### [TASK STATEMENT]
Please set down the entries below once more, exactly.

[Records drawn from a dataset]
----

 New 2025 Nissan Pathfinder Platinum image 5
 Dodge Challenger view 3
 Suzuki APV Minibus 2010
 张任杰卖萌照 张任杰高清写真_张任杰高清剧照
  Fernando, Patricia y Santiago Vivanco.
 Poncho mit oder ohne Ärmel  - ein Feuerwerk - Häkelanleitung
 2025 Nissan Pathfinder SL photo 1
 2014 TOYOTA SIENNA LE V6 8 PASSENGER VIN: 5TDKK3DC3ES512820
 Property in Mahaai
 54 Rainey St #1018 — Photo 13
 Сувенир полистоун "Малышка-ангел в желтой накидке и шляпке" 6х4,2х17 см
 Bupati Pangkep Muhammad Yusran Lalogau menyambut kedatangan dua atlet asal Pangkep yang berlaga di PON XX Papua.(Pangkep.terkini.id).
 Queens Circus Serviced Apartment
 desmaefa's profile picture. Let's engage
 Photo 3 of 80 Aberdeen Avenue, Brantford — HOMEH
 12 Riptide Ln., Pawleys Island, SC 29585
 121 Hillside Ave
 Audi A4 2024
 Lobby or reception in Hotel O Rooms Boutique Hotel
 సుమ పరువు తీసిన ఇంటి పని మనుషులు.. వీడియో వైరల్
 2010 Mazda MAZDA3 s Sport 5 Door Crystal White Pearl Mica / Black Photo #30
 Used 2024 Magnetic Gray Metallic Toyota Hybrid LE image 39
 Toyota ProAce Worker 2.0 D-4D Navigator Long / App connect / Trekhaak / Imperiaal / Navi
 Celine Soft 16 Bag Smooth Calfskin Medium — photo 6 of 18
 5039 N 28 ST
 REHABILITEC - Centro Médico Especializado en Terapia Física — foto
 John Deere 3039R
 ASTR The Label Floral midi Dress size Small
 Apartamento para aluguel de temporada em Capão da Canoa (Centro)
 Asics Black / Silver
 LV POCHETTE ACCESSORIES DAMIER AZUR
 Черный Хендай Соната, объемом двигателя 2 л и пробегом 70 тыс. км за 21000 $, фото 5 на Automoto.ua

----

### [EXERCISE OUTPUT]
 New 2025 Nissan Pathfinder Platinum image 5
 Dodge Challenger view 3
 Suzuki APV Minibus 2010
 张任杰卖萌照 张任杰高清写真_张任杰高清剧照
  Fernando, Patricia y Santiago Vivanco.
 Poncho mit oder ohne Ärmel  - ein Feuerwerk - Häkelanleitung
 2025 Nissan Pathfinder SL photo 1
 2014 TOYOTA SIENNA LE V6 8 PASSENGER VIN: 5TDKK3DC3ES512820
 Property in Mahaai
 54 Rainey St #1018 — Photo 13
 Сувенир полистоун "Малышка-ангел в желтой накидке и шляпке" 6х4,2х17 см
 Bupati Pangkep Muhammad Yusran Lalogau menyambut kedatangan dua atlet asal Pangkep yang berlaga di PON XX Papua.(Pangkep.terkini.id).
 Queens Circus Serviced Apartment
 desmaefa's profile picture. Let's engage
 Photo 3 of 80 Aberdeen Avenue, Brantford — HOMEH
 12 Riptide Ln., Pawleys Island, SC 29585
 121 Hillside Ave
 Audi A4 2024
 Lobby or reception in Hotel O Rooms Boutique Hotel
 సుమ పరువు తీసిన ఇంటి పని మనుషులు.. వీడియో వైరల్
 2010 Mazda MAZDA3 s Sport 5 Door Crystal White Pearl Mica / Black Photo #30
 Used 2024 Magnetic Gray Metallic Toyota Hybrid LE image 39
 Toyota ProAce Worker 2.0 D-4D Navigator Long / App connect / Trekhaak / Imperiaal / Navi
 Celine Soft 16 Bag Smooth Calfskin Medium — photo 6 of 18
 5039 N 28 ST
 REHABILITEC - Centro Médico Especializado en Terapia Física — foto
 John Deere 3039R
 ASTR The Label Floral midi Dress size Small
 Apartamento para aluguel de temporada em Capão da Canoa (Centro)
 Asics Black / Silver
 LV POCHETTE ACCESSORIES DAMIER AZUR
 Черный Хендай Соната, объемом двигателя 2 л и пробегом 70 тыс. км за 21000 $, фото 5 на Automoto.ua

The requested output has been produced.